[Opening INFORMATION PROVIDED section]
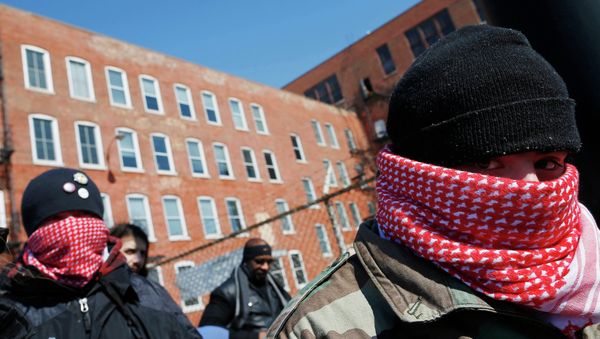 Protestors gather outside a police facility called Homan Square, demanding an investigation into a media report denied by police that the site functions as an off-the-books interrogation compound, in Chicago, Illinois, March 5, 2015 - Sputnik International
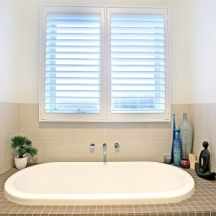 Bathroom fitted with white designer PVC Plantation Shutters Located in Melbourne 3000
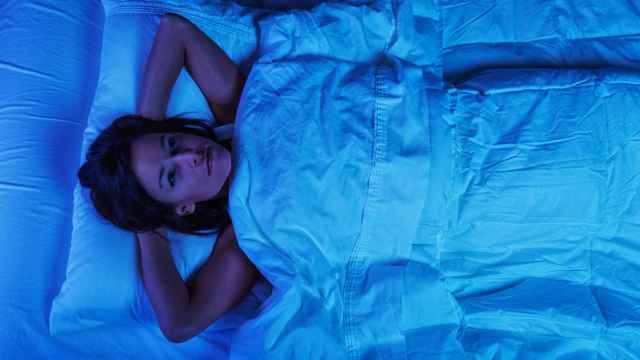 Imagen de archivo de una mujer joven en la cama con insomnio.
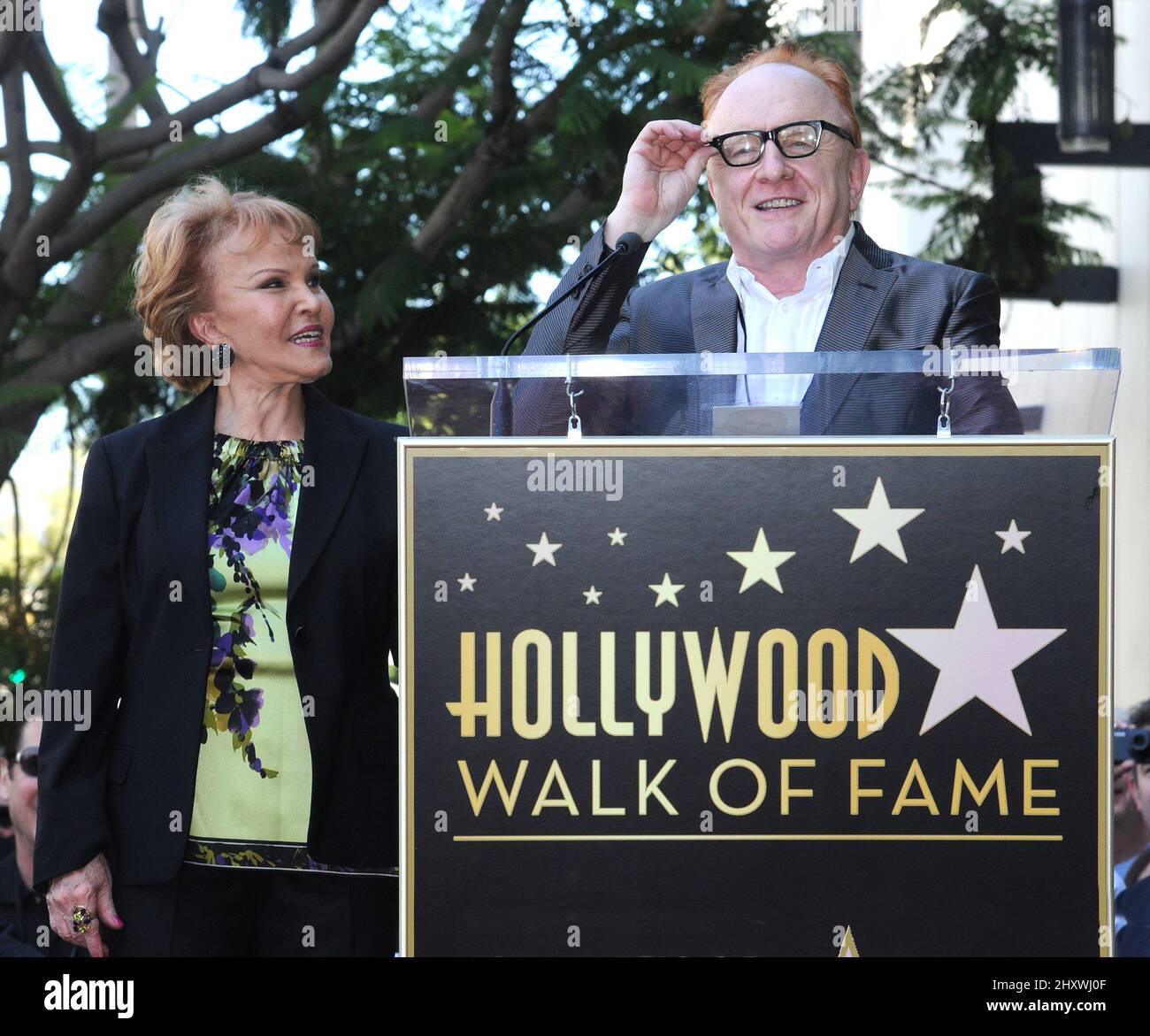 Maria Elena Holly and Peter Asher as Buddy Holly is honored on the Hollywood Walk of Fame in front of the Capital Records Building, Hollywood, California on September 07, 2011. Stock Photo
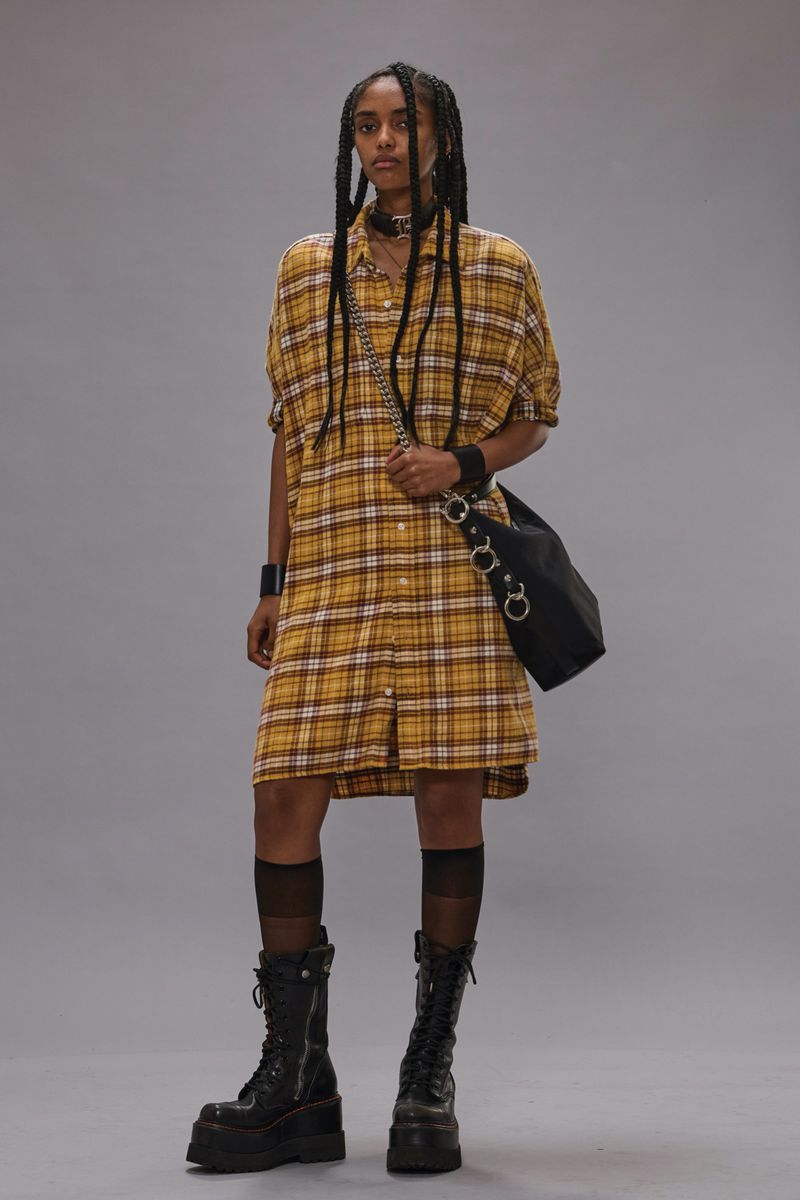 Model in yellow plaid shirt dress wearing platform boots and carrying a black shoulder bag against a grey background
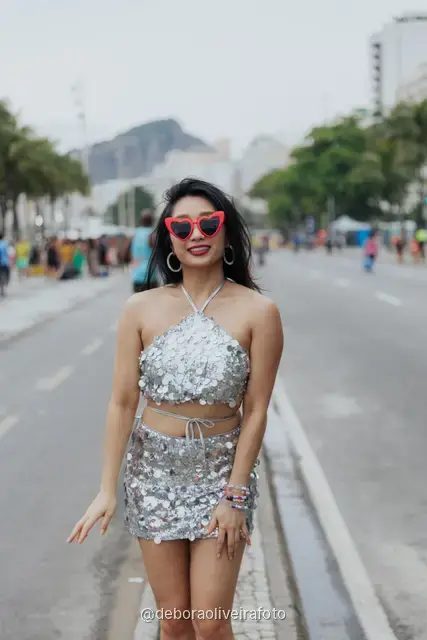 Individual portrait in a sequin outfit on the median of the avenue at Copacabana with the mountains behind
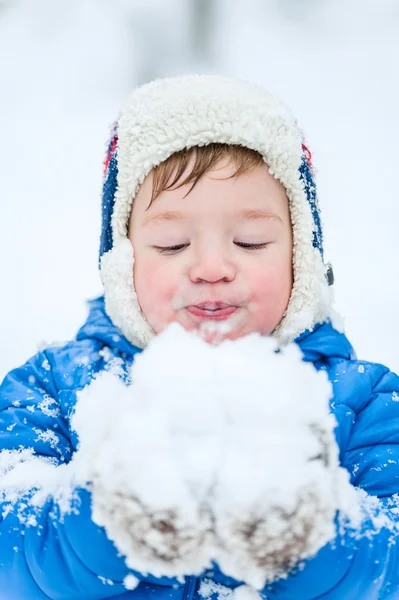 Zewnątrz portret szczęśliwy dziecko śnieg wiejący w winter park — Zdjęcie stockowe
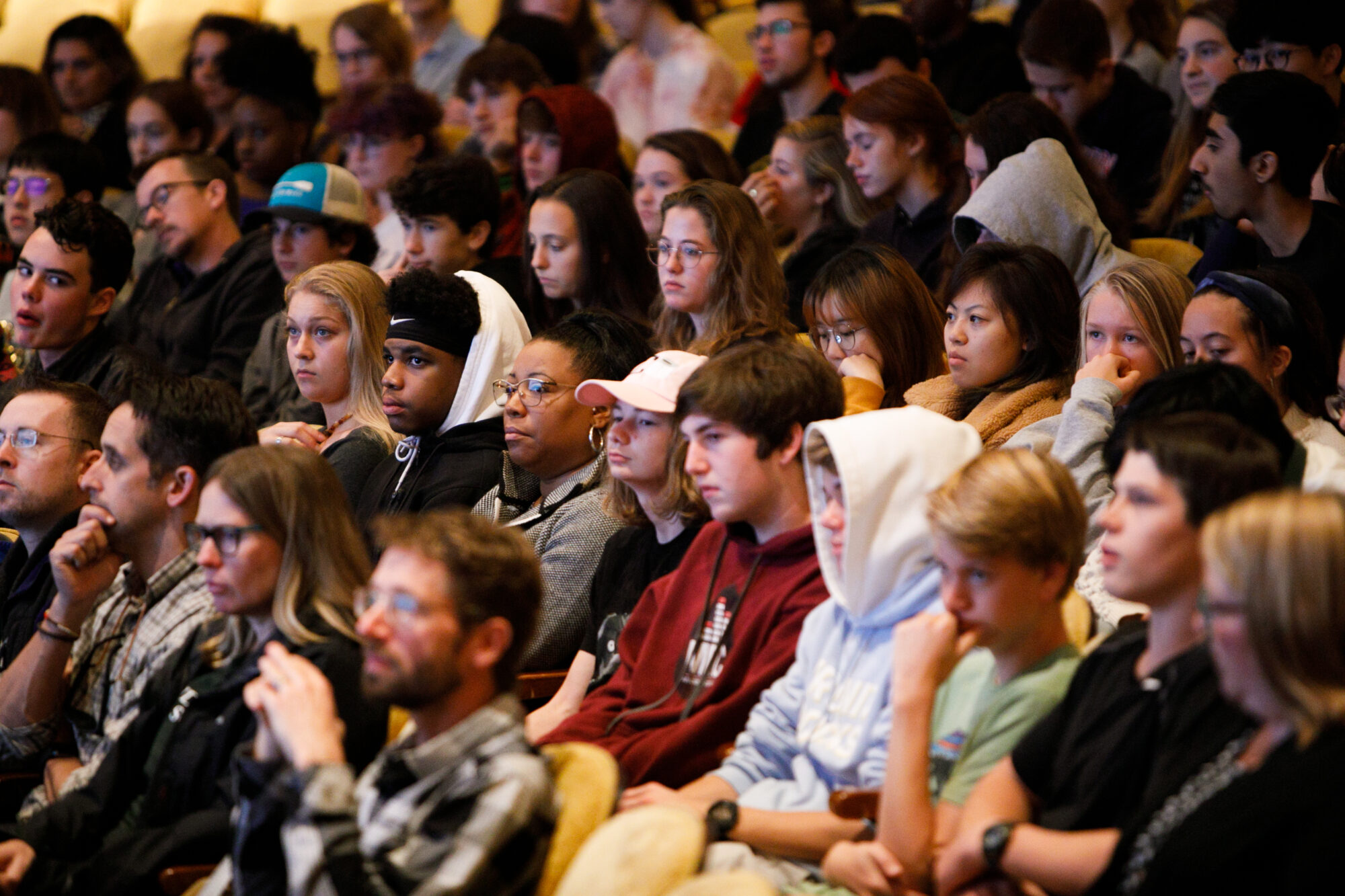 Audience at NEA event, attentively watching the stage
[Closing INFORMATION PROVIDED section]
## WORK TASK:
Nothing is needed beyond an exact transcription of the lines from the one containing "Model in yellow" to the end of the entries above, with the pictures omitted.

## EXPECTED ANSWER:
 Model in yellow plaid shirt dress wearing platform boots and carrying a black shoulder bag against a grey background
 Individual portrait in a sequin outfit on the median of the avenue at Copacabana with the mountains behind
 Zewnątrz portret szczęśliwy dziecko śnieg wiejący w winter park — Zdjęcie stockowe
 Audience at NEA event, attentively watching the stage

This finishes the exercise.